Bang On A Can’s Cantaloupe Music: David Lang
February 2001 marked the debut releases of two Cantaloupe CDs, which are currently available on the Cantaloupe website. The first is Renegade Heaven, featuring the Bang On A Can All-Stars in compositions written for them by Glenn Branca, Arnold Dreyblatt, Michael Gordon, Phil Kline, and Julia Wolfe. harmonia mundi will release Renegade Heaven into stores on March 13, 2001. The pieces are united by an edgy spirituality: Wolfe’s Believing, Branca’s Movement Within, Dreyblatt’s Escalator, Gordon’s I Buried Paul and Kline’s Exquisite Corpses deal with faith, ascension, death and the afterlife.
Also available is The Passing Measures, composer David Lang’s newest work, performed by bass clarinetist Marty Ehrlich with members of the orchestra and chorus of the City of Birmingham Symphony Orchestra. This CD will hit the shelves on April 10, 2001.
Passing Measures was a joint commission by the Birmingham Contemporary Music Group and the presenter Birmingham Jazz. The recording was made from a live performance. Lang calls the piece “an absolute reduction of what both [Birmingham and Ehrlich] can do. “Having originally come to him wanting a piece for a jazz soloist in a classical context, Lang feared that the language of either classical music or jazz, when imported into another context, “would be misinterpreted.”
Lang describes the piece as “hugely mathematical.” It took him eight months to work out the numbers. The extremely slow tempo hides somewhat the fact that the meter changes every measure. Halfway through the 42-minute piece, the notes change, and the first dissonance is introduced. Two-thirds of the way through, the pace quickens. “If you can lower your blood pressure enough, it sounds like a Beethoven scherzo,” Lang quipped.

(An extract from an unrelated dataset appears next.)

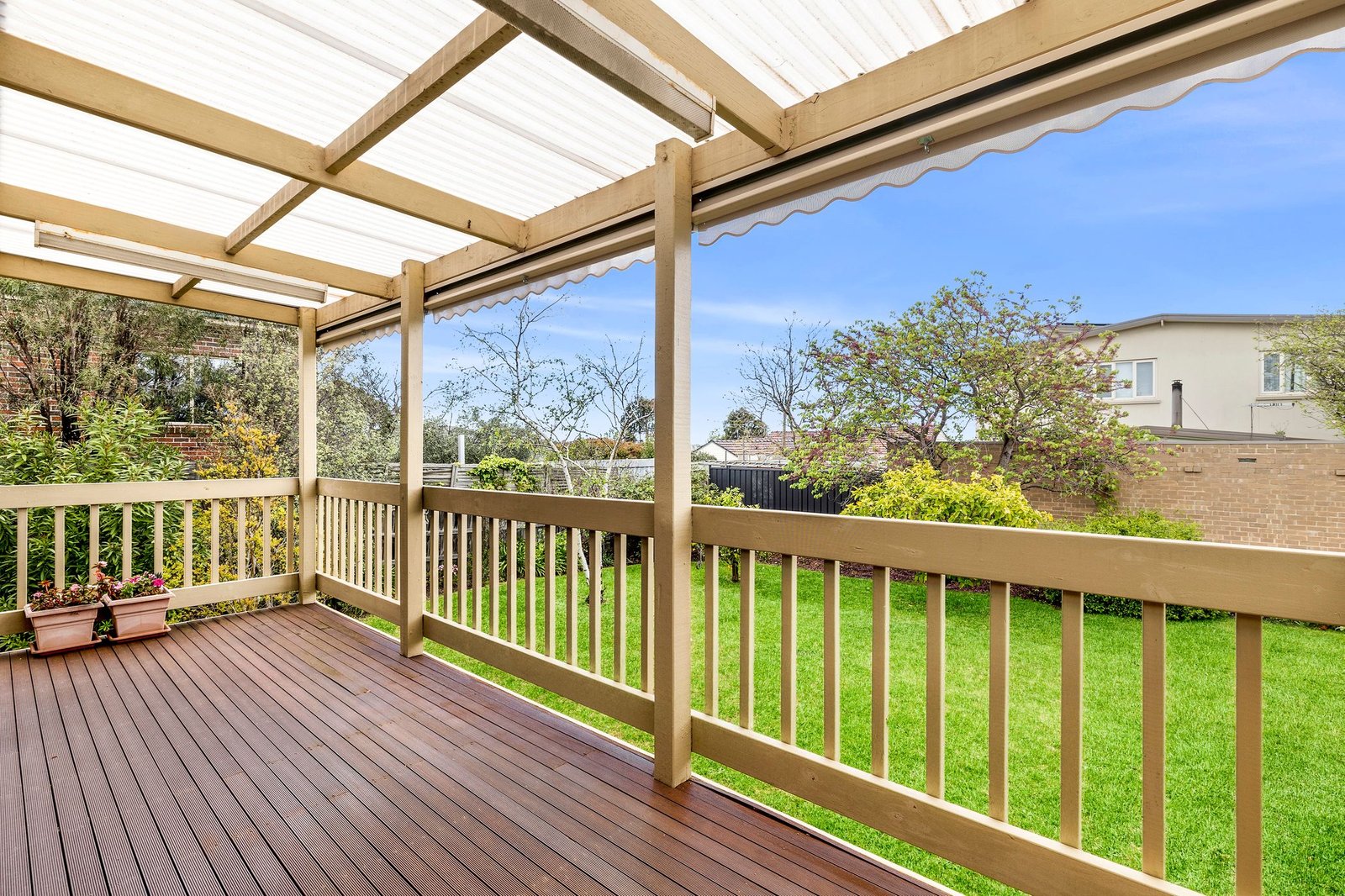 Gallery: 15 Viewbank Road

“Meditation is the wrong word, but a large part of this music exists to teach you to listen to the rest of the music. It takes a long time for the body and the ear to learn,” the composer explained. Lang wanted to write a piece that was “not obvious on the surface, not manipulative. I didn’t want there to be moments when everyone laughs, everyone gasps. I wanted to write something with slow power and incredible scope.”
Cantaloupe will release virtuoso clarinetist-composer Evan Ziporyn’s first all-solo record, This is Not a Clarinet, in March 2001. The CD will be available in stores in June. Ziporyn reinvents the clarinet using traces of Balinese gamelan, African drumming, Croatian singing, and James Brown; the instrument masquerades as everything from an electric guitar to a didgeridoo to a djembe to an airplane landing.